We crossed a line

There was a problem in the chook shed. Too many blokes. Only 1 could stay – but what to do with the rest?

chooks.JPG

We asked around town. ‘Put a sign up in IGA’ said Dave, ‘just don’t use the headline “Free Cock” like I did. ( His sign mysteriously disappeared).

‘No-one will want them’ said others. ‘They’ll just end up in the pot or thrown to the foxes’.

We ummed and ahhed for weeks, enduring the blast of 3 roosters at dawn and winning no favours with our neighbours. Gary next door has gone a bit weird. I think this might be why.

‘They have to go,’ I finally said to Leo. He nodded and looked at the mountain for a moment before replying. ‘I’ll do it.’

Leo is a country boy at heart. He was born in a small town north of Rio de Janeiro where milk trucks are still drawn by horses. Almost every house has chickens who spend their days strutting around mangy dogs asleep in the sun. Leo’s lived in cities a long time though. But as I now know, dealing with roosters isn’t something you easily forget.

As luck (not for the chooks) would have it, Camila, his sister, was visiting for the weekend. Her eyes lit up when we told her. ‘I’m in’ she said. ‘We’ll cook up a feast’. It was decided.

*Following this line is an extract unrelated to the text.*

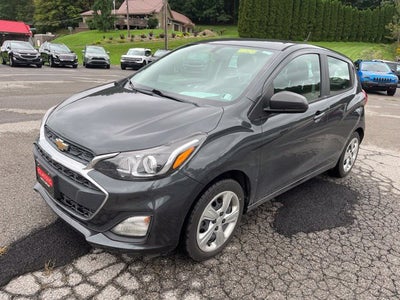 2022 Chevrolet Spark LS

It was time for Shroom-boom and Fatty to go

IMG_1454.JPG

The Brazilians swung into action. A fire was lit (for the plucking part), the biggest pot pulled from the pantry, and a knife sharpened. Our initial plan was to keep the kids away but they wouldn’t hear of it. The adults concurred: knowing where your food comes from is important. I felt uneasy but death is everywhere in the country. Driving to the next town involves veering around numerous carcasses. And the boys do love eating chicken…

Jem nabbed the front row

IMG_1463.JPG

The first rooster was calm

IMG_1469

The second one let out a horrible shriek that made us all flinch

IMG_1477.JPG

It was over pretty quickly though. Camila patted them and made soothing sounds as they left us. It took a few minutes.

Their feathers were the prettiest green

IMG_1482.JPG

Once dead (and trust me they were) they had to be dipped into the boiling pot to loosen the feathers for plucking which was a lot of hard work. Camila was totally in control.

IMG_1483.JPG

I dashed ahead home to prepare the vegetables. As the sun began to set, the stove warmed up.

Turns out my father-in-law is a whiz with a cleaver and a hammer

IMG_1503.JPG

The cooking part was a team effort. We poured cold beers and congratulated ourselves on getting this far.

Suddenly things began to feel familiar

IMG_1502

The aroma of simmering chicken with red wine, garlic and herbs filled our kitchen

IMG_1510.JPG

Finally, many hours later, dinner was served

IMG_1513.JPG

So there you go. We killed our own food. It was a strange experience and I still feel a little sad about having to dispose of our handsome feathered boys, but we all learned a lot and were lucky enough to climb into warm beds with full tummies.

I feel a little tougher and I guess, a little more connected to how many people around the world live.

Not having other people sanitise your food before you eat it made me appreciate this meal in a way I never have before. Which is saying something, considering how regularly I eat.

It felt important to do this. I’m not in a hurry to do it again but I’m pleased we saw it through and hey, this never happened in Bondi. And Gary just left me some chicken scraps on the fence. I guess he’s a little changed too.